The Feeling Sonnets are written in an English that is translingual not only because it engages other languages but also because it reflects upon itself in uncertainty as if it were the work of a language learner. Words, idioms, sentences, poetic conventions are made strange, dislocated, recontextualised to convey some of the linguistic effects of the migration experience, the experience of non-nativeness. The book includes four cycles of fourteen unrhymed, unmetered, logically Petrarchan sonnets. The first cycle asks about the relationship between interpretation and emotion: whether ‘we feel the feelings that we call ours’. The second, mainly composed of ‘daughter sonnets’, describes bringing up children in a foreign language. The third, ‘Die Schreibblockade’, German for writer’s block, talks about foreign-language processing of inherited historical trauma. The fourth cycle is about translation. A libretto commissioned by Italian composer Lucia Ronchetti follows, about Ravel’s interaction with Paul Wittgenstein over the Piano Concerto for the Left Hand.

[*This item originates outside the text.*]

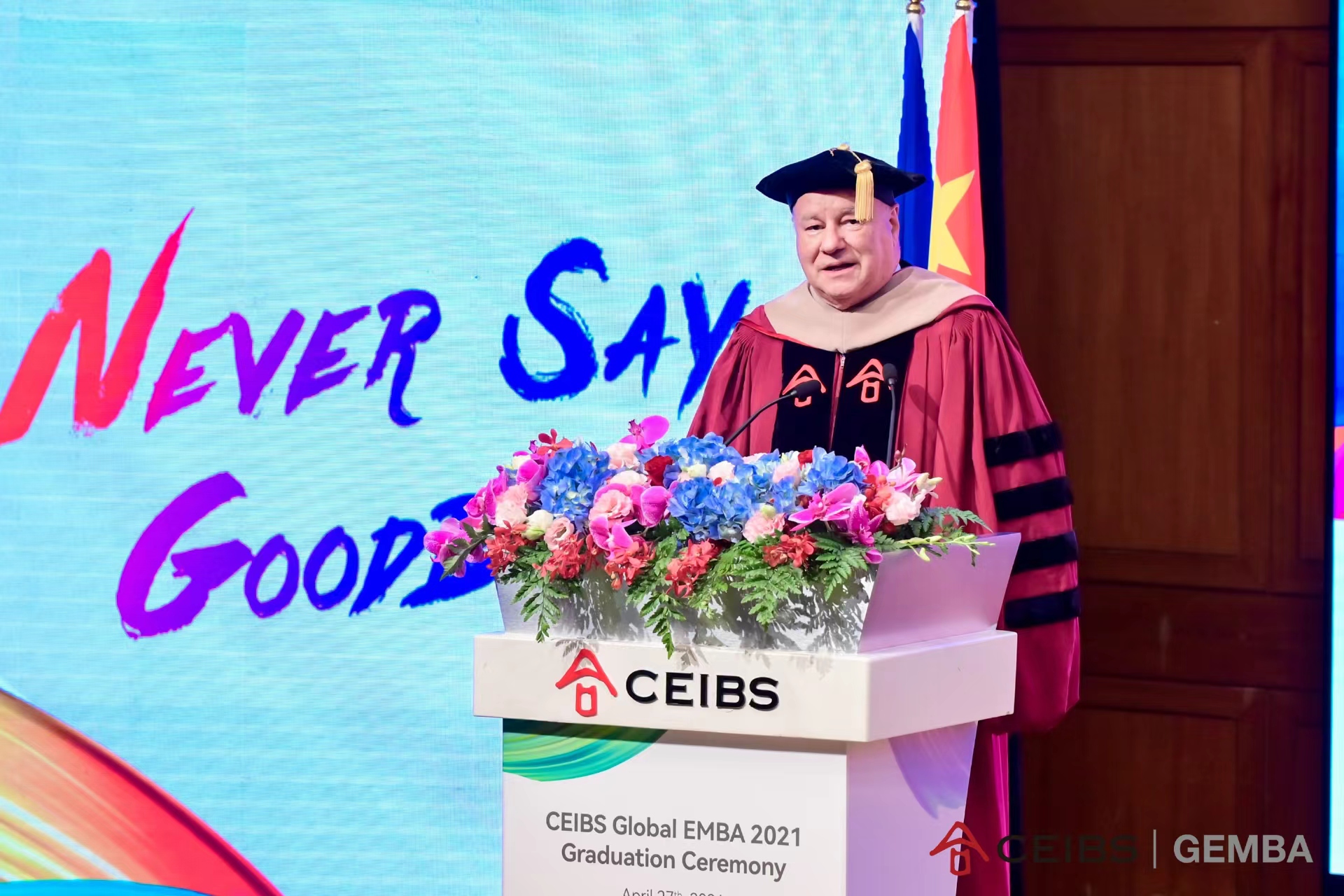 CEIBS President (European) Dominique Turpin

Gwyneth Lewis writes, 'Eugene Ostashevsky is a multilingual language explorer. His The Feeling Sonnets are an exhilarating and witty enquiry into the designs that language has on us as intellectual, domestic and historical beings. This is poetry as punning philosophy, both entertaining and deeply serious. This book is a tour de force, turning languages' spotlights onto speech itself. Yet again, Carcanet is publishing important poetry.'
Born in Leningrad, Ostashevsky grew up in Brooklyn. He is now based in Berlin and New York. In his last full book of poetry, The Pirate Who Does Not Know the Value of Pi, published by NYRB Poets, discusses migration, translation, and second-language writing as practiced by pirates and parrots. His previous book, The Life and Opinions of DJ Spinoza, published by Ugly Duckling Presse in Brooklyn, examines the defects of natural and artificial languages.